# [Data for this exercise]
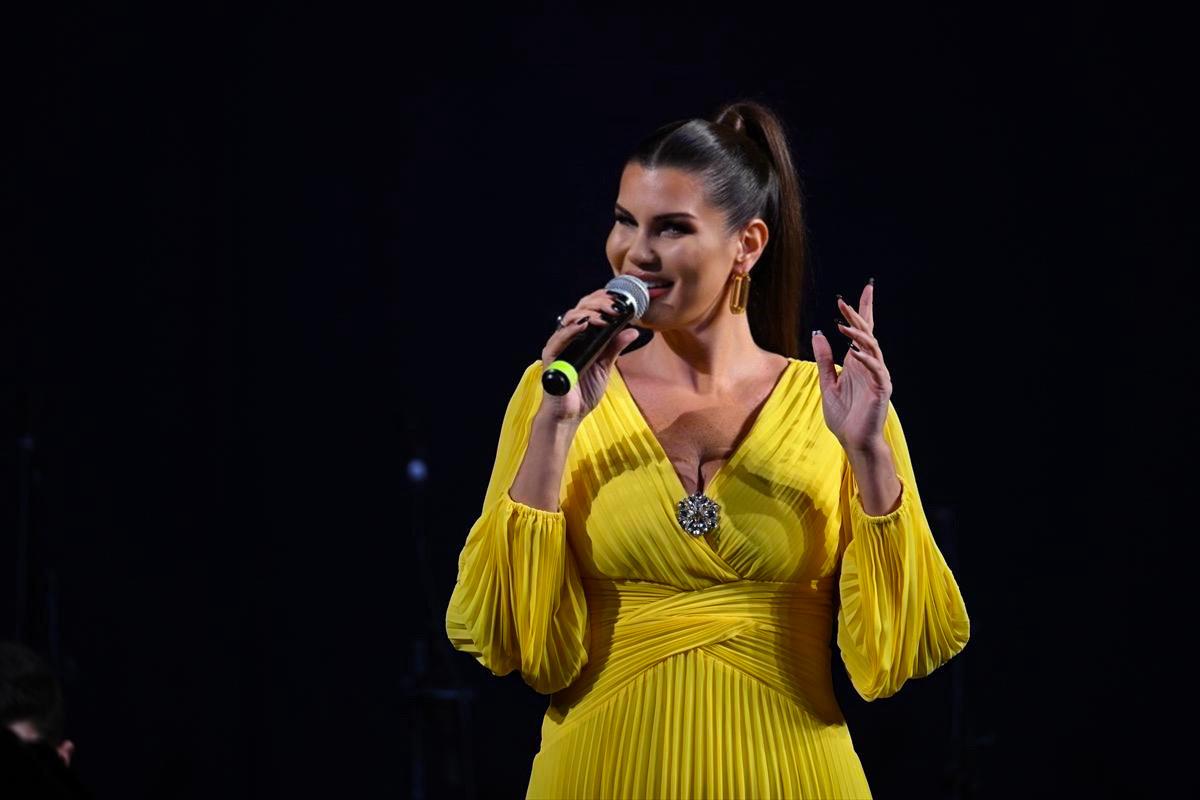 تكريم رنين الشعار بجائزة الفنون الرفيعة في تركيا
---
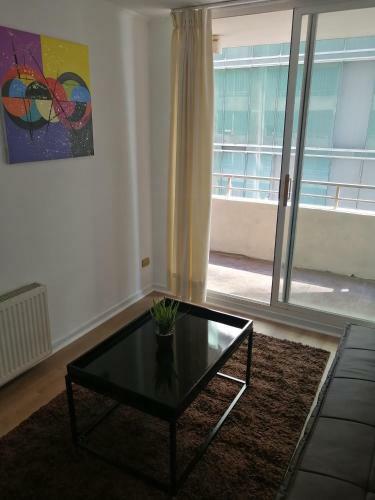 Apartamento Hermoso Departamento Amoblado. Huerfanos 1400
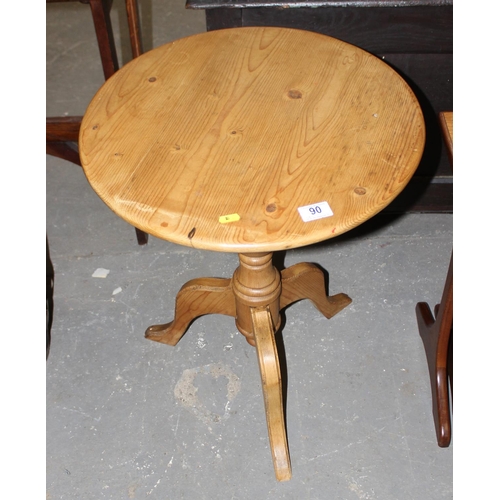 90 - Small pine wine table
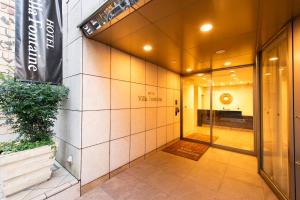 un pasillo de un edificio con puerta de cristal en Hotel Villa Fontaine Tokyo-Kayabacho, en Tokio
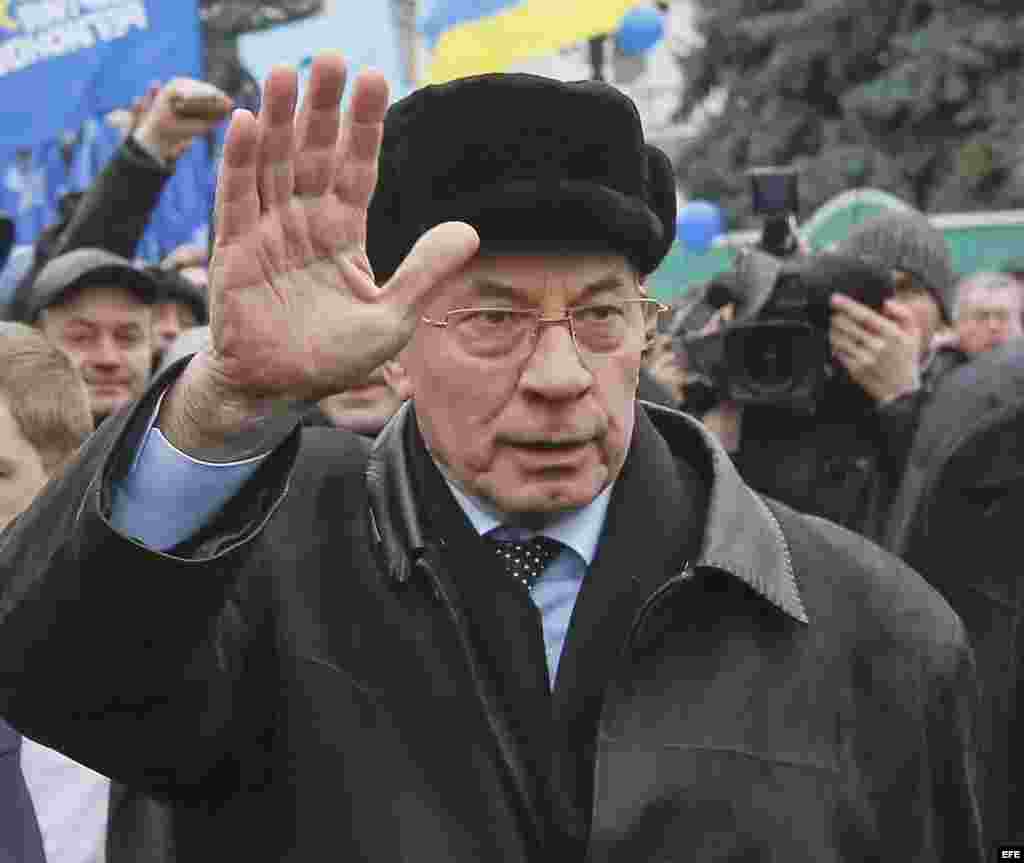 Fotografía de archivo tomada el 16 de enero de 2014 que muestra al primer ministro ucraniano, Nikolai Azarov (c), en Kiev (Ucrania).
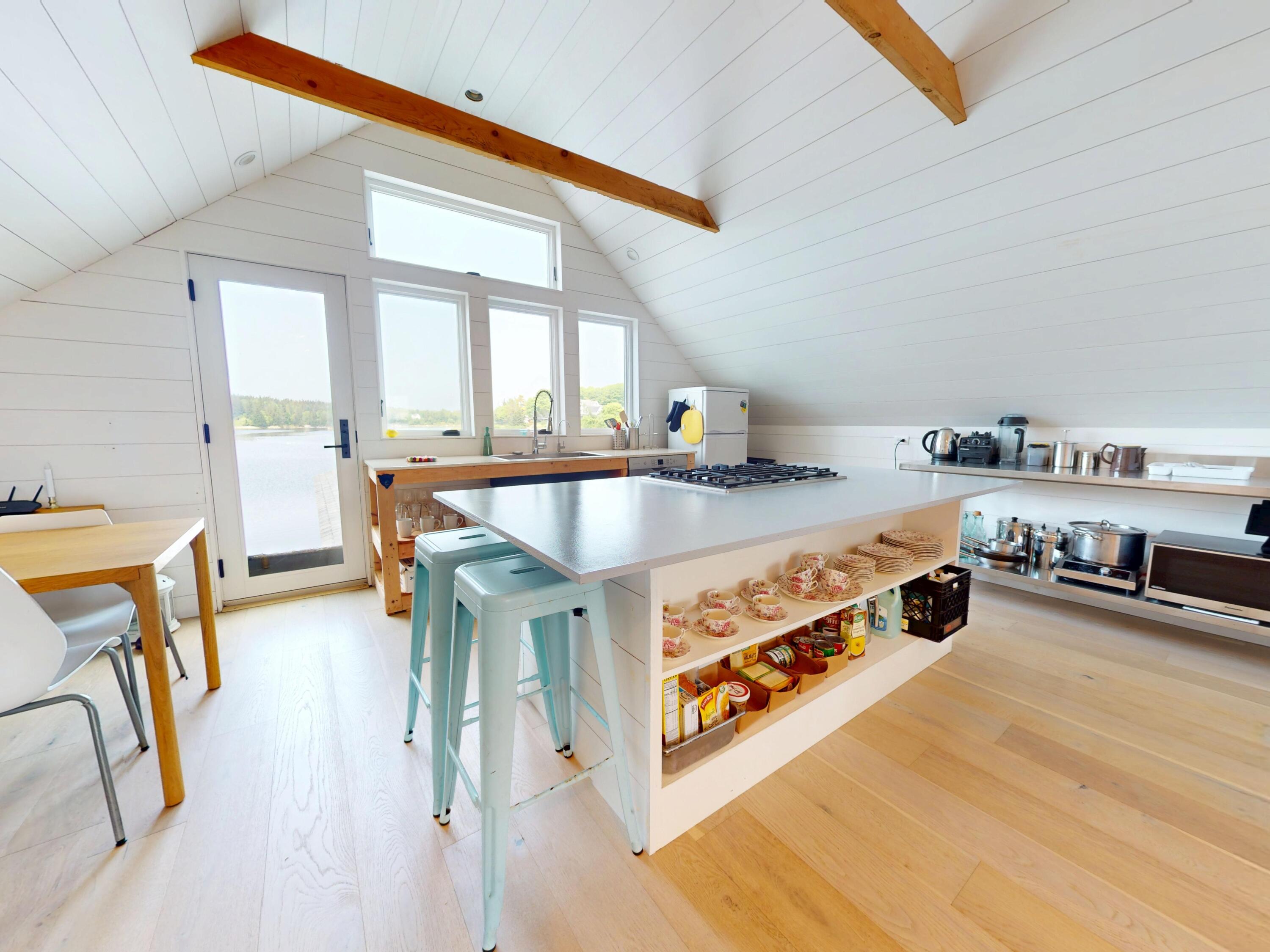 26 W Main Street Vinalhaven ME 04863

# [Problem to work on]
Go back to the listing above and reproduce, exactly, the stretch from the line bearing "90 - Small pine wine table" through the line bearing "26 W Main Street Vinalhaven ME 04863", without its pictures.

# [Answer to this exercise]
 90 - Small pine wine table
 un pasillo de un edificio con puerta de cristal en Hotel Villa Fontaine Tokyo-Kayabacho, en Tokio
 Fotografía de archivo tomada el 16 de enero de 2014 que muestra al primer ministro ucraniano, Nikolai Azarov (c), en Kiev (Ucrania).
 26 W Main Street Vinalhaven ME 04863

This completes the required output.